I have always been a nerd and a geek. There may have been a time, very, very early on where I wasn’t interested in learning and knowing things, but I certainly can’t remember it. I grew up watching 3-2-1 Contact, Square One, Mr. Wizard, and documentaries on PBS in addition to my Saturday morning and after-school cartoons. I had Barbie and My Little Pony but I also played He-Man, G.I. Joe, and Transformers with my brother, and I used my Speak & Spell so much that I wore out the laminate on some of the keys. I wrote my first computer program in BASIC when I was 10 or 11 and I have been playing video games since the Atari came out. Admittedly, I hated math until I got into Calculus because I found applied math either boring, easy, or both depending on the class, but when I discovered abstract math it was love at first sight and I was just as happy in college writing research papers on Computer Science theory as I was writing literary analysis.

Growing up, it was hit-or-miss whether I’d be in the gender-minority for a given environment:

  • In middle school I was the only girl in fencing the first year it was offered, but one of at least a dozen in shop class.
  • In high school I was one of around four girls and the only sophomore in AP Physics, but my AP Calculus class was essentially an even split.
  • In college I was frequently one of a handful of women in my undergraduate CS classes but my Chemistry labs had more women than men.
  • At my current company I have been: one of two women on the Software Team, the only woman, one of four women, one of six women, and now I’m one of three women but the only female developer.

I have, since entering the workforce, run into one or two people who dismissed me for being a woman and a distressing number of people online who refuse to believe I’m a woman because I like science and nerdy things and “sound like a guy” when I speak because I don’t “squeal and gush” about everything. But, on the whole, I have been monumentally lucky (and obliviously stubborn) when it comes to my academic and professional careers.

My parents never told me what to be interested in or that I couldn’t do something, and I was expected to do well in all my classes including science and math. I have a father who is equally annoyed with irrational behavior in all of his children and expects us all to understand how a car works, and I have a mother who expects all of her children to be able to feed themselves, do laundry, and understand the working end of a mop. I turn to my father when I want to geek out about cooking and food and I turn to my mother when I want to geek out about computers and tech news. I’m massively introverted so it takes me a very, VERY long time to develop lasting friendships, which means the few friends I do have (male and female) are accepting of who I am, nonjudgmental, and supportive.

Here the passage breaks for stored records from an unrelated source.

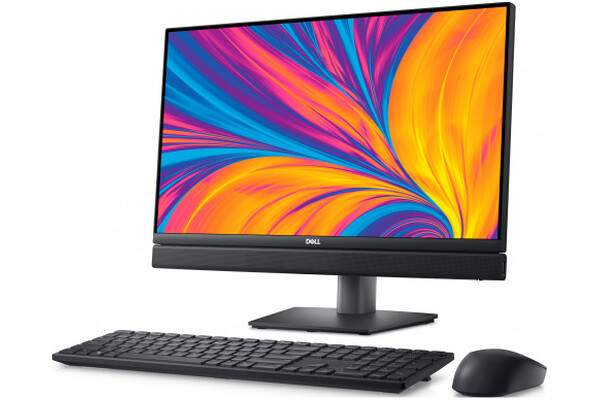 DELL OptiPlex 24 Intel Core i5 16GB DDR5 Windows 11 Professional PL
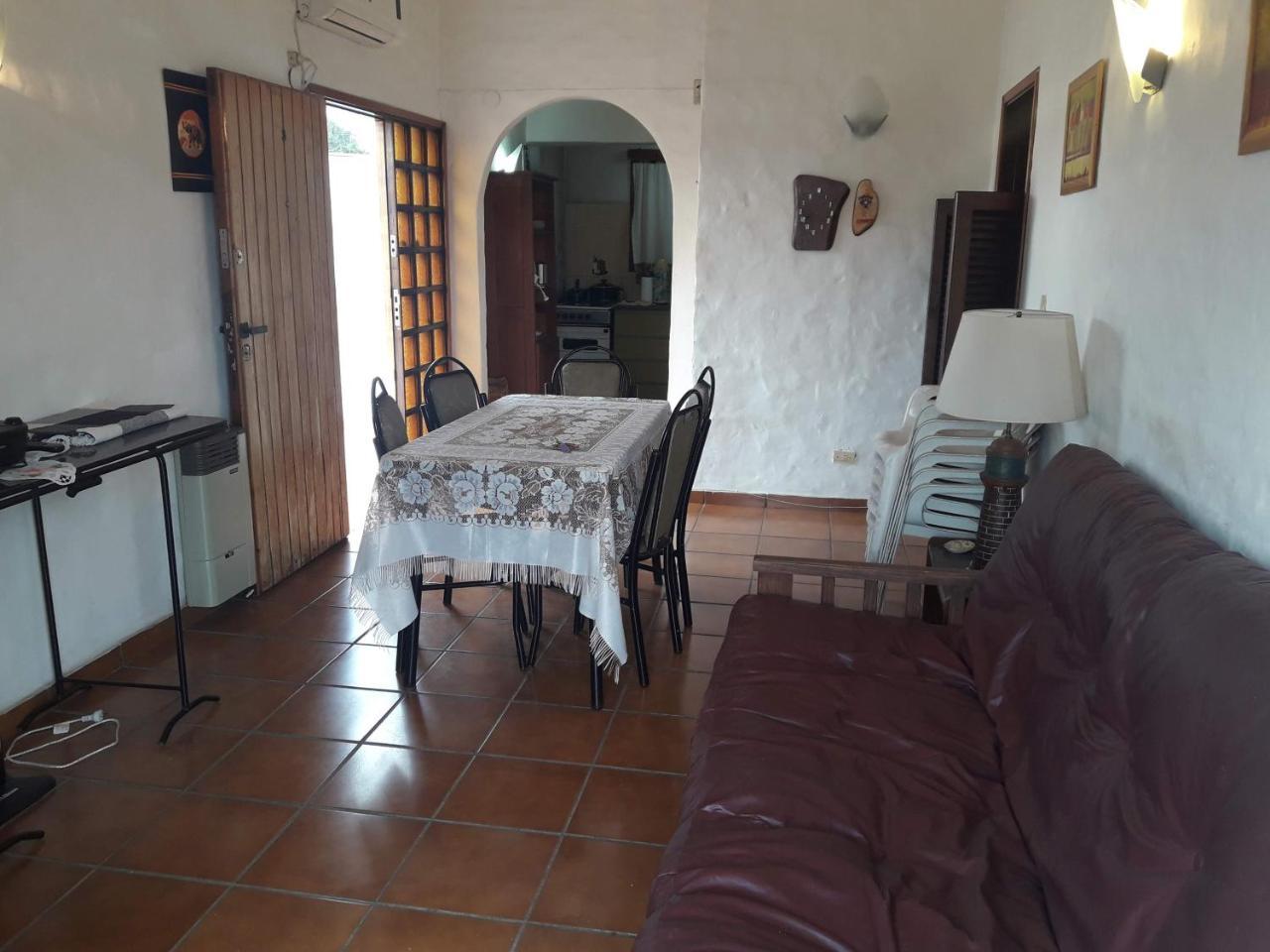 Departamentos Carlos Paz Bajada Al Lago Villa Carlos Paz Eksteriør billede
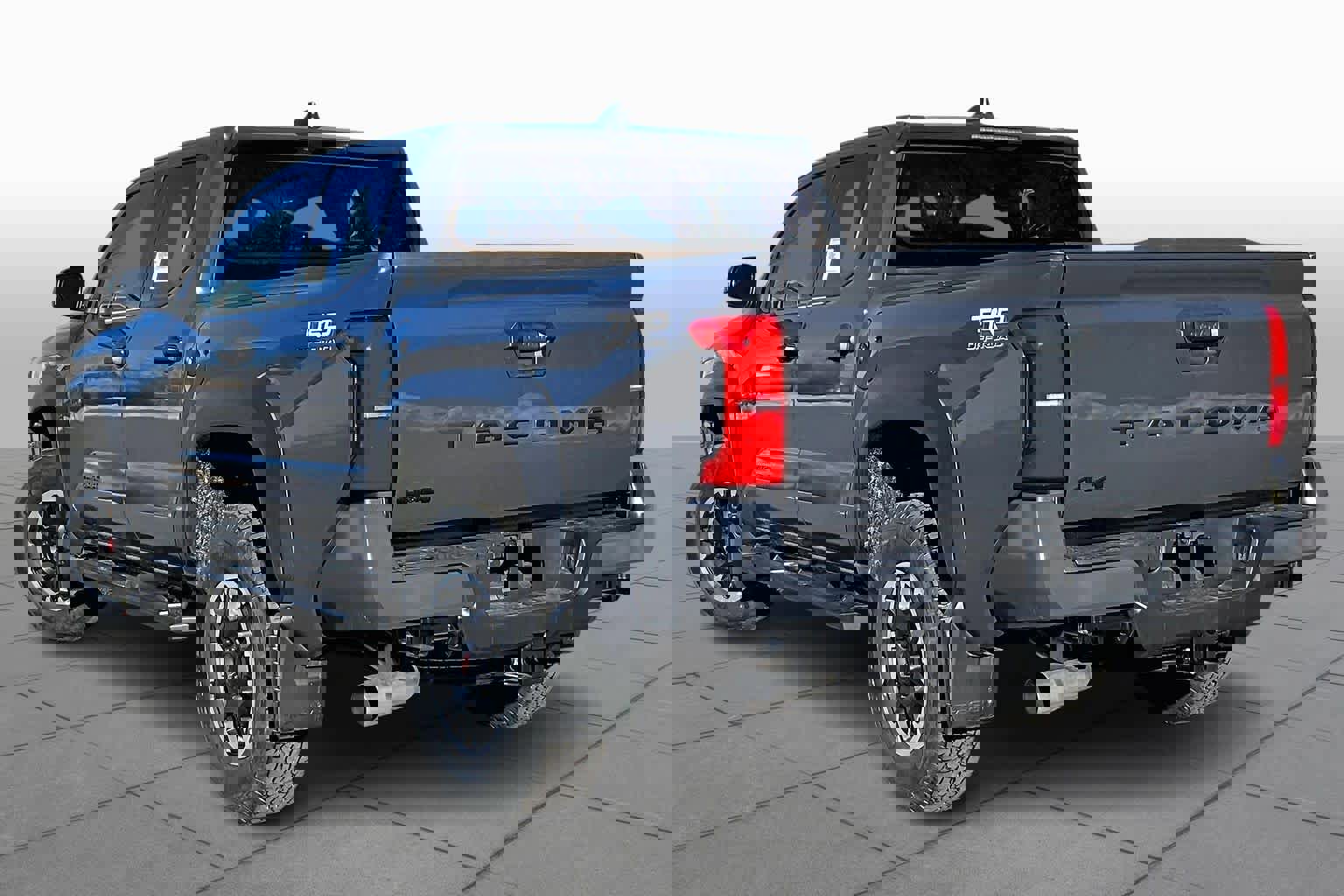 New 2025 Toyota Tacoma TRD Off-Road image 11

I am immeasurably lucky to have so many diverse and interesting people in my life who continually defy the male/female stereotypes we see perpetuated endlessly in popular culture and who reinforce the idea that intelligence and skill should be the deciding factor in whether or not you succeed.

That being said, no one has ever encouraged my interest in science specifically, but no one actively discouraged me either; my parents encouraged education in general and supported following your passion whether that was art, science, or being a garbage man so I was free to find my own path to (and through) what interests me. I wasn’t looking for “open doors”. I was just looking for opportunities to learn, and if that meant I was the only woman in the room, oh well. Frankly, when you’re as introverted as I am, just being in the room at all can be daunting so you tend to ignore what others think about your being there as a matter of course to avoid being intimidated. Being an introvert was part of the reason I always sat in the first row in class… well that and, as I mentioned before, I’m a huge nerd.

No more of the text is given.